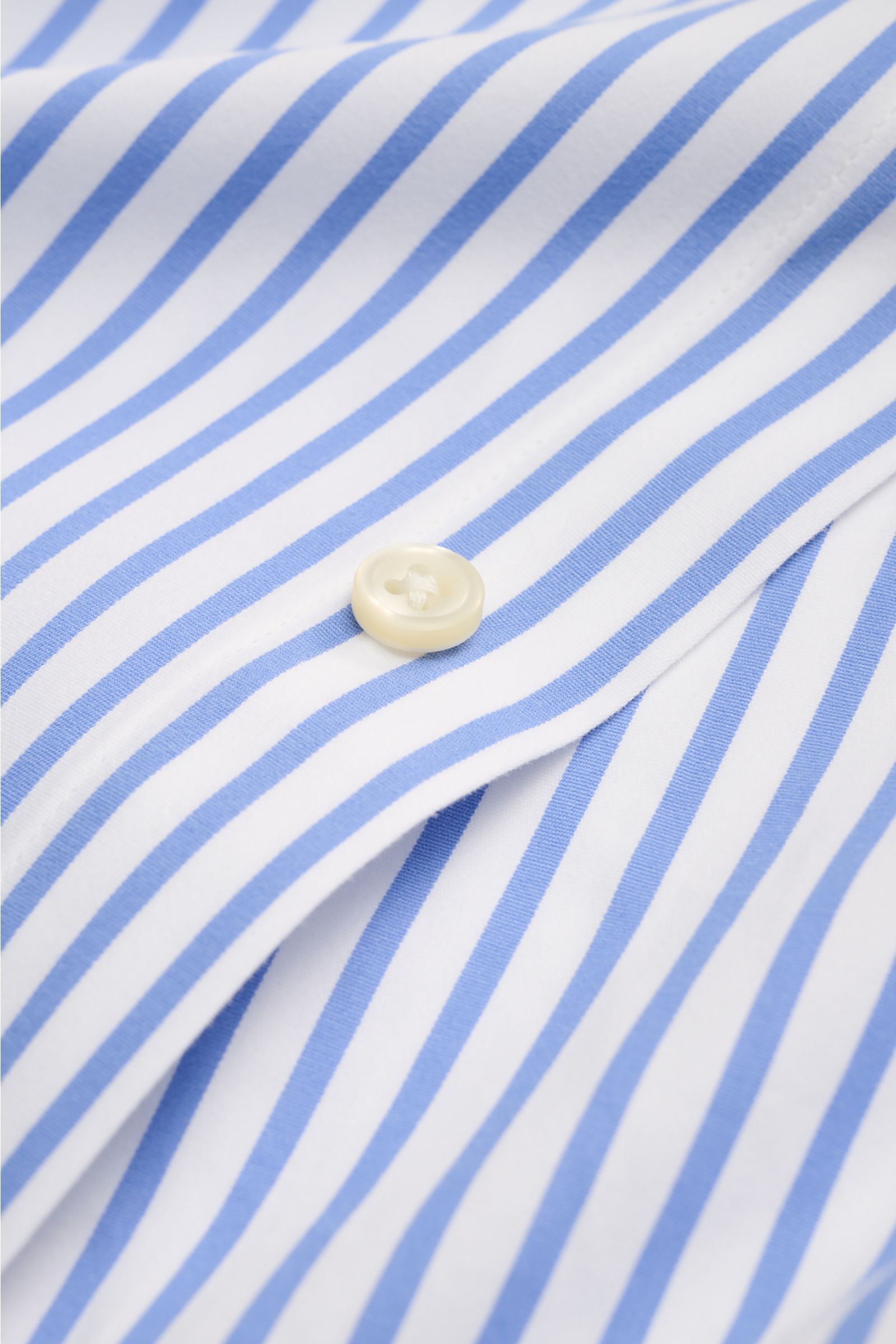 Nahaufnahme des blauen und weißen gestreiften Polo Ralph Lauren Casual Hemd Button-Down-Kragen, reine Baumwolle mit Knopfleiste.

---

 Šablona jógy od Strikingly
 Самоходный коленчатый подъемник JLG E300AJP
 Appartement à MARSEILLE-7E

Task to carry out:
What are the lines above, starting at the one with "Šablona jógy od Strikingly" and ending at the one with "Appartement à MARSEILLE-7E"? Give them again exactly, and only them.

Solution to this task:
 Šablona jógy od Strikingly
 Самоходный коленчатый подъемник JLG E300AJP
 Appartement à MARSEILLE-7E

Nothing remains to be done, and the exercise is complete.